In un caldo pomeriggio di giugno un uomo scompare. A dare il via alla storia sarà la sua amante che, preoccupata dal suo non presentarsi ad un appuntamento, telefonerà a Mario, fratello dell’uomo sparito, facendo partire la narrazione e la storia. L’elemento, da subito, più interessante, è la certo non casuale scelta di Pontiggia di non dare un nome a quest’uomo. Uomo che, di volta in volta, ci viene raccontato con brandelli di identità basata più sui rapporti che lo legavano agli altri che non a un essere persona portatrice di un nome proprio e, quindi, di una identità. Lo scomparso sarà, a seconda di chi lo cerca, il marito di, l’amante dì, il fratello di, il socio di. In un gioco che è già così uno sfilacciarsi di immagini e una scomparsa, appunto, che non è solo fisica ma significante.

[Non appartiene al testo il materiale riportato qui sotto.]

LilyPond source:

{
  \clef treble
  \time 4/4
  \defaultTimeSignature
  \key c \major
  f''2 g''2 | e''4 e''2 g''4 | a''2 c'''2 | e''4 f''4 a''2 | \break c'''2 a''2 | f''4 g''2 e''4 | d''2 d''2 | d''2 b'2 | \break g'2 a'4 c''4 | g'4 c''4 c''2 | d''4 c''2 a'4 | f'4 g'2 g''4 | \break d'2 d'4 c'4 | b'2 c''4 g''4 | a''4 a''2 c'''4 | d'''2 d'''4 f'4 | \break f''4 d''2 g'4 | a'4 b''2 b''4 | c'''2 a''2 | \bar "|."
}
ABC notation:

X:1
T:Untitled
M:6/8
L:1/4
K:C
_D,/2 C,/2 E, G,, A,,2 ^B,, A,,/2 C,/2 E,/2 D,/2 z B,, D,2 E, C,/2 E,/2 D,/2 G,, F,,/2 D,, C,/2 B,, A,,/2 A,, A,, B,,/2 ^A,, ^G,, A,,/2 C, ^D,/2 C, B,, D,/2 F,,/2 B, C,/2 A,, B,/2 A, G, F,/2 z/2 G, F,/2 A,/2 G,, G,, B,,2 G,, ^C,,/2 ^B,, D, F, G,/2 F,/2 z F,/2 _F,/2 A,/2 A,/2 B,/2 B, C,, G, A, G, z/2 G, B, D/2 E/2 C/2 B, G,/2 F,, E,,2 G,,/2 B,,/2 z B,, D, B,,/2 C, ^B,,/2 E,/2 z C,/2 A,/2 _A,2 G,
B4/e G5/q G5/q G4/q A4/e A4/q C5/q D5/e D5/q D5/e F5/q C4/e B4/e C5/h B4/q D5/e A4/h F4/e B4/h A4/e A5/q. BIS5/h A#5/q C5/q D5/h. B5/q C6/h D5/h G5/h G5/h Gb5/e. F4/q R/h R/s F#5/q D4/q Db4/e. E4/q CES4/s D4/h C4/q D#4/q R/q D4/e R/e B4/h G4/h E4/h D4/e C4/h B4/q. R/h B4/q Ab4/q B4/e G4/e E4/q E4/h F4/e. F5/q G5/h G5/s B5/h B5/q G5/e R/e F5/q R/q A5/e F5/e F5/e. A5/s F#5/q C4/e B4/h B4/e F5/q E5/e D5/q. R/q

Come Pontiggia sia riuscito a fare di un assente il vero protagonista del libro è, sicuramente, l’aspetto più potente de La grande sera. Più vivo di tutti gli altri, lo scomparso funziona quasi come disvelamento per le ipocrisie e le reazioni degli altri. Che solo davanti alla sua scomparsa, cominciano a comprendere le loro di vite. Tutte basate su qualche nascondimento, su una ambiguità, una rinuncia. Dunque più sull’invisibile che non su ciò che si muove alla luce del sole. Mario, il fratello, ha ambizioni da critico letterario che restano però incagliate nella sua incapacità di decidere e quindi, di tirarsi fuori apertamente, da una vita grigia. La sua amante accetta, fino ad un certo punto, clandestinità e incertezza. La moglie, Giulia, nasconde e rinuncia per tanto tempo alle sue ambizioni poetiche proprio per dedicarsi a quel marito con cui costruisce l’unica fedeltà possibile: accettare le sue infedeltà. Terragni e Campisi, soci dello scomparso sono dediti a niente altro che ad affari non proprio puliti e, quindi, nascosti. Alcuni di loro cercano, ciascuno a modo suo, di assomigliare a uno stereotipo. Che, detta così, sembra il cortocircuito della vita ma, in realtà, è proprio un’altra declinazione dello scomparire.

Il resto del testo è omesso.